Single by Amanda Lear

from the album Never Trust a Pretty Face
- B-side: "Hollywood Flashback"
- Released: 1978
- Recorded: 1978
- Genre: Disco
- Length: 4:25
- Label: Ariola
- Songwriters: Anthony Monn, Amanda Lear
- Producer: Anthony Monn

Amanda Lear singles chronology
| "Lili Marleen" (1978) | "The Sphinx" (1978) | "Fashion Pack" (1979) |

Music video
- "The Sphinx" on YouTube

= The Sphinx (song) =

"The Sphinx" is a song by French singer Amanda Lear released in 1978 by Ariola Records as the single from her third album Never Trust a Pretty Face.

== Song information ==
The song was composed and produced by Anthony Monn, and marked a change in Lear's repertoire as her first downtempo disco ballad. The melancholic Lear-penned lyrics, in which the singer compares herself to the mythical Sphinx, tell about "the desire to remain a mystery". The singer has reflected that "The Sphinx" is the best song she wrote.

"The Sphinx" was released as the advance single from the singer's third studio album Never Trust a Pretty Face in late 1978. The single B-side was "Hollywood Flashback", the closing track on her previous album, Sweet Revenge. The song was a moderate chart success, reaching the top 20 across Europe, and remains one of Lear's biggest hits of the disco era.
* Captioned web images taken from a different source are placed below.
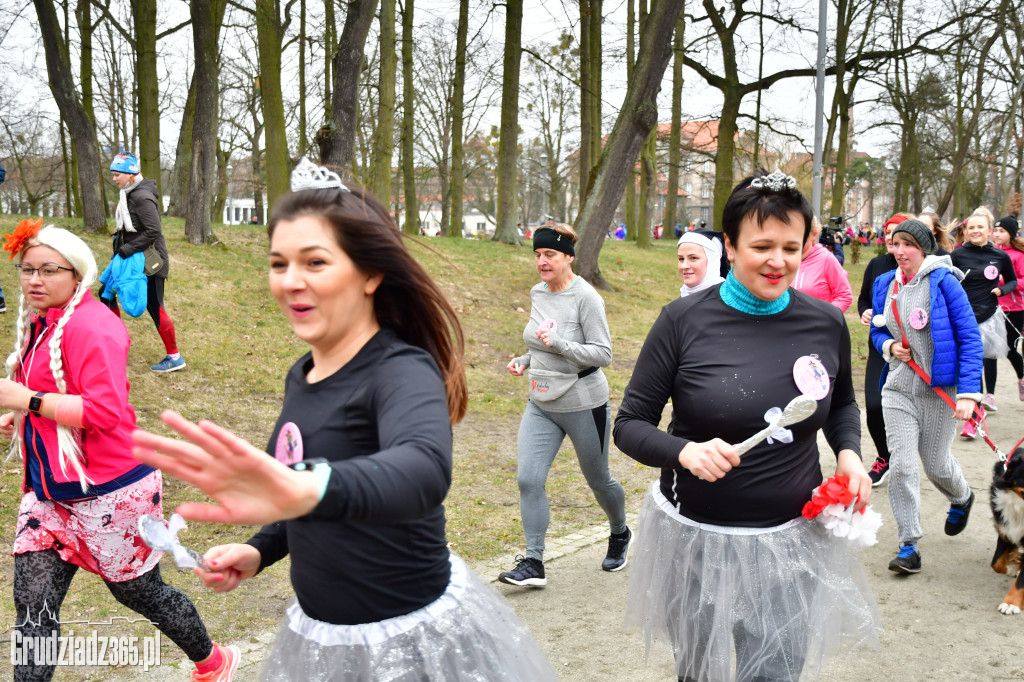 Bieg Kobiet 2019- Obszerna fotorelacja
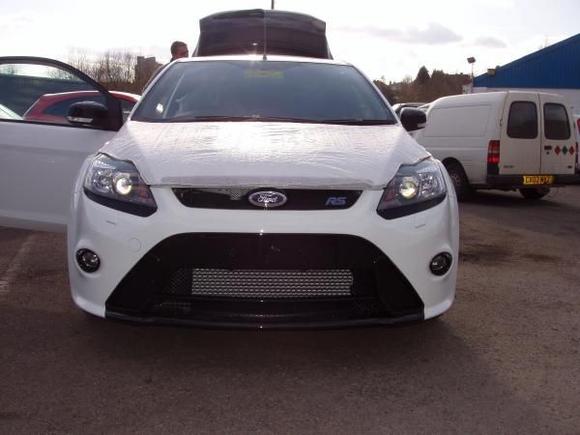 my new rs 012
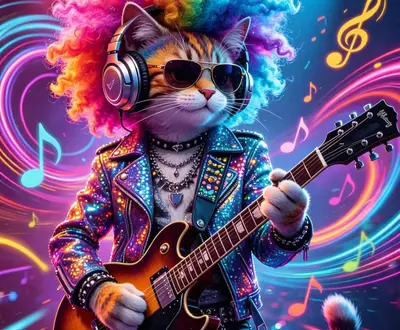 FunnyKitten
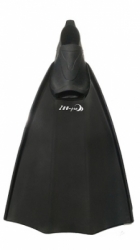 large fin ff zeepro hard rubber balidiveshop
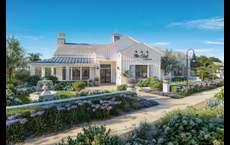 Bellecrest: Santa Maria, California - Coastal Community Builders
Lear re-recorded the song for the 1998 album Back in Your Arms, and included the new version on her greatest hits compilation Forever Glam! in 2005.

== Track listing ==
- 7" Single
A. "The Sphinx" – 4:25
B. "Hollywood Flashback" – 4:31

- 12" Single
A. "The Sphinx" – 5:13
B. "Hollywood Flashback" – 4:31

== Chart performance ==

| Chart (1978–79) | Peak position |
|---|---|
| Belgium | 18 |
| France | 48 |
| Germany | 19 |

== Cover versions ==
- In 2015, Chilean-American musician Promis released a cover of the song on his collaboration album Sunset Blvd with producer Ian Matthews. The song was released as the single in spring 2016.